THE PROBLEM - Using the data below, reproduce exactly the lines from the line with "Luxurious sage green" to the line with "A clown performs", both included; pictures must be dropped.

INFORMATION SUPPLIED -
= = = = = = =
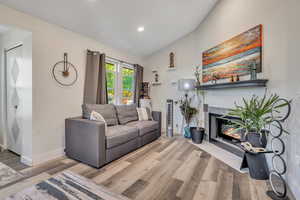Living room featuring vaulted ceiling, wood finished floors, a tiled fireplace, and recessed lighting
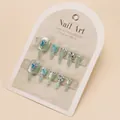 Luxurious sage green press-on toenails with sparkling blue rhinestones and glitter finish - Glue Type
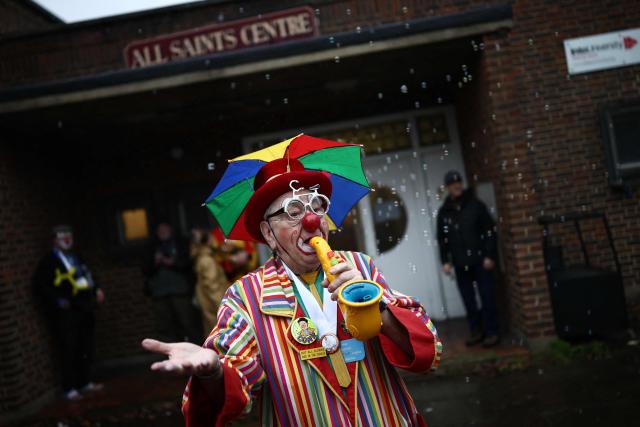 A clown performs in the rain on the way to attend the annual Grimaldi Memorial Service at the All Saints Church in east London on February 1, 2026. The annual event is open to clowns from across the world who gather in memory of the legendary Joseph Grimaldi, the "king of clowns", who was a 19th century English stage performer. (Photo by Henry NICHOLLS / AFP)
= = = = = = =
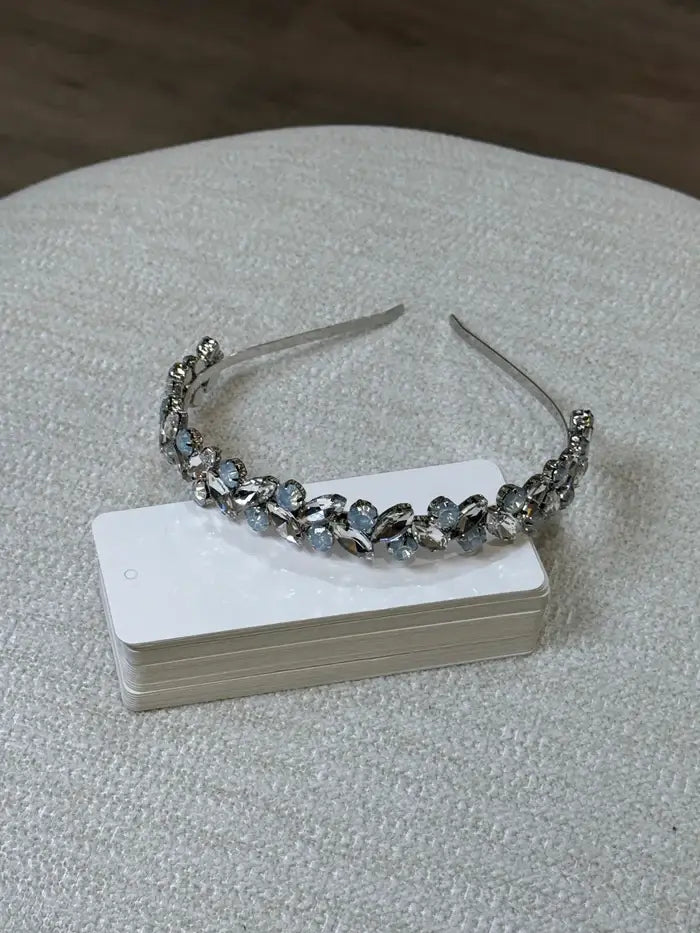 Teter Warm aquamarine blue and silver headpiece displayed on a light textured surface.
= = = = = = =
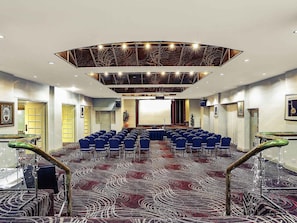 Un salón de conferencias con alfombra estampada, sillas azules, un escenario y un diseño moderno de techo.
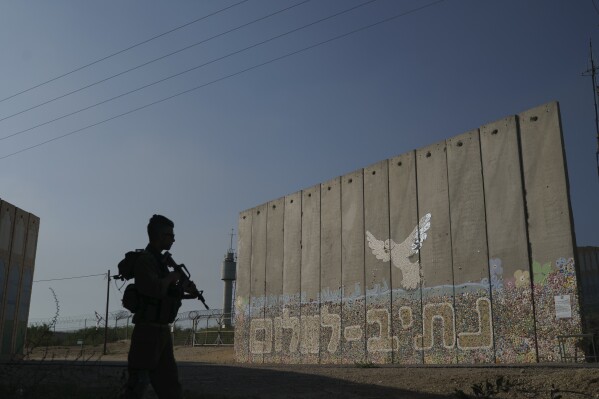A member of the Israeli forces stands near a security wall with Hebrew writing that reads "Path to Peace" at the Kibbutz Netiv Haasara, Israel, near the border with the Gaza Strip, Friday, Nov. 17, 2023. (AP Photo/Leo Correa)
= = = = = = =
RESULT -
 Luxurious sage green press-on toenails with sparkling blue rhinestones and glitter finish - Glue Type
 A clown performs in the rain on the way to attend the annual Grimaldi Memorial Service at the All Saints Church in east London on February 1, 2026. The annual event is open to clowns from across the world who gather in memory of the legendary Joseph Grimaldi, the "king of clowns", who was a 19th century English stage performer. (Photo by Henry NICHOLLS / AFP)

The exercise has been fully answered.